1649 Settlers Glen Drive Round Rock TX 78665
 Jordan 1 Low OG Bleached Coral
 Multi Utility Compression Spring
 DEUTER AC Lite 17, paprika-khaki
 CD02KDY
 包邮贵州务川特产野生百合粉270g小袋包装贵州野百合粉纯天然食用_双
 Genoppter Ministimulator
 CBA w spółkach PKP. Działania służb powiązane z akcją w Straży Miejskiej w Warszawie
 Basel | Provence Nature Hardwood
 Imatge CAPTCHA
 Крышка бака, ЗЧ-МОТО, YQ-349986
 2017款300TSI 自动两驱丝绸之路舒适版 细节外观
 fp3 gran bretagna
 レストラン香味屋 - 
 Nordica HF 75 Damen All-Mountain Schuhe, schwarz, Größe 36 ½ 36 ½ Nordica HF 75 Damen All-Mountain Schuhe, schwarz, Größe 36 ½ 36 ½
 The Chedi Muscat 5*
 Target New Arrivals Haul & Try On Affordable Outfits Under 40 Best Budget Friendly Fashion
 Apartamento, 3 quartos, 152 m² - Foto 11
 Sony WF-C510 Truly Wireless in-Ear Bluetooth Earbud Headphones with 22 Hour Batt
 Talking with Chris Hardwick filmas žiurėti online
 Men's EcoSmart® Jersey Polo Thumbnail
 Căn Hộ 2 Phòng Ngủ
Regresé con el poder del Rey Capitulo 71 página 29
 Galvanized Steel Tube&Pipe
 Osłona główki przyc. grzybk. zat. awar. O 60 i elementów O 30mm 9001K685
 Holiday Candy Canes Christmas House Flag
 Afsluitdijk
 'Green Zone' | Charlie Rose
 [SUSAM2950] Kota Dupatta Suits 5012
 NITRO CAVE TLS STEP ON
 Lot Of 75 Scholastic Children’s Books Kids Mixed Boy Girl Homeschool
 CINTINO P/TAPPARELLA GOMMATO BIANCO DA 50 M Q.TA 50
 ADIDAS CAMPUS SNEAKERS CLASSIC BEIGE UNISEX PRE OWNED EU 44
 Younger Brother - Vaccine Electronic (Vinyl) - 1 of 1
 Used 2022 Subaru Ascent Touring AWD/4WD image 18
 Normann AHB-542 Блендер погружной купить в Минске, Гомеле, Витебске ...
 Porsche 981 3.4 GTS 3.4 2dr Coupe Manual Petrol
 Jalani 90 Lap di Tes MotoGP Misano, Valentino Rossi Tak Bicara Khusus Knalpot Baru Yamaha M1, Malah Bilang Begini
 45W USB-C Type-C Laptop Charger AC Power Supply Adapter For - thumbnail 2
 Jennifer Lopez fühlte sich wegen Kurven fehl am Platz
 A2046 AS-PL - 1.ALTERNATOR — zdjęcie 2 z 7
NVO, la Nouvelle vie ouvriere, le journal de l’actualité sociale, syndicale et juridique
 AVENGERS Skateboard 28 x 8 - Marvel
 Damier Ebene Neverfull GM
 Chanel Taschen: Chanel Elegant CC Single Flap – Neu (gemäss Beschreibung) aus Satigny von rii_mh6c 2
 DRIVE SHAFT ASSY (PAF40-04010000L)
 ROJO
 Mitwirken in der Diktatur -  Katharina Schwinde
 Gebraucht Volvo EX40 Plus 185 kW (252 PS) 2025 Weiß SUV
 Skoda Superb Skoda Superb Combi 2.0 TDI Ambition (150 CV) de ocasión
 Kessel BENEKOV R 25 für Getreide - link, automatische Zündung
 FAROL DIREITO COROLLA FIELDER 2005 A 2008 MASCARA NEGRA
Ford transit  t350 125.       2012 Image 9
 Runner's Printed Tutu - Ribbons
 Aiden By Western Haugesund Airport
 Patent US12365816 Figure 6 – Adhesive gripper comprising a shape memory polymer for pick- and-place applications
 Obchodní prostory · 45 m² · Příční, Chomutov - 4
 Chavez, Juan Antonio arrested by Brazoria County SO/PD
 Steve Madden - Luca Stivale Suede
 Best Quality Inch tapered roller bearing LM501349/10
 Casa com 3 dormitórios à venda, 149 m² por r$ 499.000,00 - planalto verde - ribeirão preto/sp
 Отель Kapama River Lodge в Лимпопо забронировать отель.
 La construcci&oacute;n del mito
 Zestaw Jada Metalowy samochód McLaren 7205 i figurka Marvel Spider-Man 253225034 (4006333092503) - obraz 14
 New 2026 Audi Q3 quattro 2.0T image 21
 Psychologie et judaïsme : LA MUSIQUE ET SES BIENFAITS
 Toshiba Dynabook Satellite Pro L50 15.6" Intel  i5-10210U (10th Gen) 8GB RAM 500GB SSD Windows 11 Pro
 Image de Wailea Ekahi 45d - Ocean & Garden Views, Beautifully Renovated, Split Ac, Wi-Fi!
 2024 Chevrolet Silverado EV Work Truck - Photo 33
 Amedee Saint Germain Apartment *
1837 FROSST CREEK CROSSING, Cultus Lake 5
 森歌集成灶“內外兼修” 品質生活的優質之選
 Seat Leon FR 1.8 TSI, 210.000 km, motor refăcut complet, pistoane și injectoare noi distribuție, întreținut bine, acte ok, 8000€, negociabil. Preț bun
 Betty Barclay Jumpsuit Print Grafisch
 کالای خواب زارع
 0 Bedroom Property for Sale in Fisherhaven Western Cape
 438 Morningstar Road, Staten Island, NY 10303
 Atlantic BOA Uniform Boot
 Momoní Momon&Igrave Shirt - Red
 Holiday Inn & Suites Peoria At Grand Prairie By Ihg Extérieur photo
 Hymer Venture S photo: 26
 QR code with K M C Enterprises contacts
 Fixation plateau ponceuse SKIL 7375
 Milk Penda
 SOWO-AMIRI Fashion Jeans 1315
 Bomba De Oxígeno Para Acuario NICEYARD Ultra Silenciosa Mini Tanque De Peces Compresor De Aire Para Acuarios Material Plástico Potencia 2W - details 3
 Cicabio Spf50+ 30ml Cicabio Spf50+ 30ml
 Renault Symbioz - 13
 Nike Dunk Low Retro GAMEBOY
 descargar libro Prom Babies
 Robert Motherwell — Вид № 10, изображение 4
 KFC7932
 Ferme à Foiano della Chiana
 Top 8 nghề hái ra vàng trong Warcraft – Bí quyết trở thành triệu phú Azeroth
○ ○ ○ ○ ○
→ **Work to complete**: Retype every line of the listing above exactly as given.

→ **Completed task**:
1649 Settlers Glen Drive Round Rock TX 78665
 Jordan 1 Low OG Bleached Coral
 Multi Utility Compression Spring
 DEUTER AC Lite 17, paprika-khaki
 CD02KDY
 包邮贵州务川特产野生百合粉270g小袋包装贵州野百合粉纯天然食用_双
 Genoppter Ministimulator
 CBA w spółkach PKP. Działania służb powiązane z akcją w Straży Miejskiej w Warszawie
 Basel | Provence Nature Hardwood
 Imatge CAPTCHA
 Крышка бака, ЗЧ-МОТО, YQ-349986
 2017款300TSI 自动两驱丝绸之路舒适版 细节外观
 fp3 gran bretagna
 レストラン香味屋 - 
 Nordica HF 75 Damen All-Mountain Schuhe, schwarz, Größe 36 ½ 36 ½ Nordica HF 75 Damen All-Mountain Schuhe, schwarz, Größe 36 ½ 36 ½
 The Chedi Muscat 5*
 Target New Arrivals Haul & Try On Affordable Outfits Under 40 Best Budget Friendly Fashion
 Apartamento, 3 quartos, 152 m² - Foto 11
 Sony WF-C510 Truly Wireless in-Ear Bluetooth Earbud Headphones with 22 Hour Batt
 Talking with Chris Hardwick filmas žiurėti online
 Men's EcoSmart® Jersey Polo Thumbnail
 Căn Hộ 2 Phòng Ngủ
Regresé con el poder del Rey Capitulo 71 página 29
 Galvanized Steel Tube&Pipe
 Osłona główki przyc. grzybk. zat. awar. O 60 i elementów O 30mm 9001K685
 Holiday Candy Canes Christmas House Flag
 Afsluitdijk
 'Green Zone' | Charlie Rose
 [SUSAM2950] Kota Dupatta Suits 5012
 NITRO CAVE TLS STEP ON
 Lot Of 75 Scholastic Children’s Books Kids Mixed Boy Girl Homeschool
 CINTINO P/TAPPARELLA GOMMATO BIANCO DA 50 M Q.TA 50
 ADIDAS CAMPUS SNEAKERS CLASSIC BEIGE UNISEX PRE OWNED EU 44
 Younger Brother - Vaccine Electronic (Vinyl) - 1 of 1
 Used 2022 Subaru Ascent Touring AWD/4WD image 18
 Normann AHB-542 Блендер погружной купить в Минске, Гомеле, Витебске ...
 Porsche 981 3.4 GTS 3.4 2dr Coupe Manual Petrol
 Jalani 90 Lap di Tes MotoGP Misano, Valentino Rossi Tak Bicara Khusus Knalpot Baru Yamaha M1, Malah Bilang Begini
 45W USB-C Type-C Laptop Charger AC Power Supply Adapter For - thumbnail 2
 Jennifer Lopez fühlte sich wegen Kurven fehl am Platz
 A2046 AS-PL - 1.ALTERNATOR — zdjęcie 2 z 7
NVO, la Nouvelle vie ouvriere, le journal de l’actualité sociale, syndicale et juridique
 AVENGERS Skateboard 28 x 8 - Marvel
 Damier Ebene Neverfull GM
 Chanel Taschen: Chanel Elegant CC Single Flap – Neu (gemäss Beschreibung) aus Satigny von rii_mh6c 2
 DRIVE SHAFT ASSY (PAF40-04010000L)
 ROJO
 Mitwirken in der Diktatur -  Katharina Schwinde
 Gebraucht Volvo EX40 Plus 185 kW (252 PS) 2025 Weiß SUV
 Skoda Superb Skoda Superb Combi 2.0 TDI Ambition (150 CV) de ocasión
 Kessel BENEKOV R 25 für Getreide - link, automatische Zündung
 FAROL DIREITO COROLLA FIELDER 2005 A 2008 MASCARA NEGRA
Ford transit  t350 125.       2012 Image 9
 Runner's Printed Tutu - Ribbons
 Aiden By Western Haugesund Airport
 Patent US12365816 Figure 6 – Adhesive gripper comprising a shape memory polymer for pick- and-place applications
 Obchodní prostory · 45 m² · Příční, Chomutov - 4
 Chavez, Juan Antonio arrested by Brazoria County SO/PD
 Steve Madden - Luca Stivale Suede
 Best Quality Inch tapered roller bearing LM501349/10
 Casa com 3 dormitórios à venda, 149 m² por r$ 499.000,00 - planalto verde - ribeirão preto/sp
 Отель Kapama River Lodge в Лимпопо забронировать отель.
 La construcci&oacute;n del mito
 Zestaw Jada Metalowy samochód McLaren 7205 i figurka Marvel Spider-Man 253225034 (4006333092503) - obraz 14
 New 2026 Audi Q3 quattro 2.0T image 21
 Psychologie et judaïsme : LA MUSIQUE ET SES BIENFAITS
 Toshiba Dynabook Satellite Pro L50 15.6" Intel  i5-10210U (10th Gen) 8GB RAM 500GB SSD Windows 11 Pro
 Image de Wailea Ekahi 45d - Ocean & Garden Views, Beautifully Renovated, Split Ac, Wi-Fi!
 2024 Chevrolet Silverado EV Work Truck - Photo 33
 Amedee Saint Germain Apartment *
1837 FROSST CREEK CROSSING, Cultus Lake 5
 森歌集成灶“內外兼修” 品質生活的優質之選
 Seat Leon FR 1.8 TSI, 210.000 km, motor refăcut complet, pistoane și injectoare noi distribuție, întreținut bine, acte ok, 8000€, negociabil. Preț bun
 Betty Barclay Jumpsuit Print Grafisch
 کالای خواب زارع
 0 Bedroom Property for Sale in Fisherhaven Western Cape
 438 Morningstar Road, Staten Island, NY 10303
 Atlantic BOA Uniform Boot
 Momoní Momon&Igrave Shirt - Red
 Holiday Inn & Suites Peoria At Grand Prairie By Ihg Extérieur photo
 Hymer Venture S photo: 26
 QR code with K M C Enterprises contacts
 Fixation plateau ponceuse SKIL 7375
 Milk Penda
 SOWO-AMIRI Fashion Jeans 1315
 Bomba De Oxígeno Para Acuario NICEYARD Ultra Silenciosa Mini Tanque De Peces Compresor De Aire Para Acuarios Material Plástico Potencia 2W - details 3
 Cicabio Spf50+ 30ml Cicabio Spf50+ 30ml
 Renault Symbioz - 13
 Nike Dunk Low Retro GAMEBOY
 descargar libro Prom Babies
 Robert Motherwell — Вид № 10, изображение 4
 KFC7932
 Ferme à Foiano della Chiana
 Top 8 nghề hái ra vàng trong Warcraft – Bí quyết trở thành triệu phú Azeroth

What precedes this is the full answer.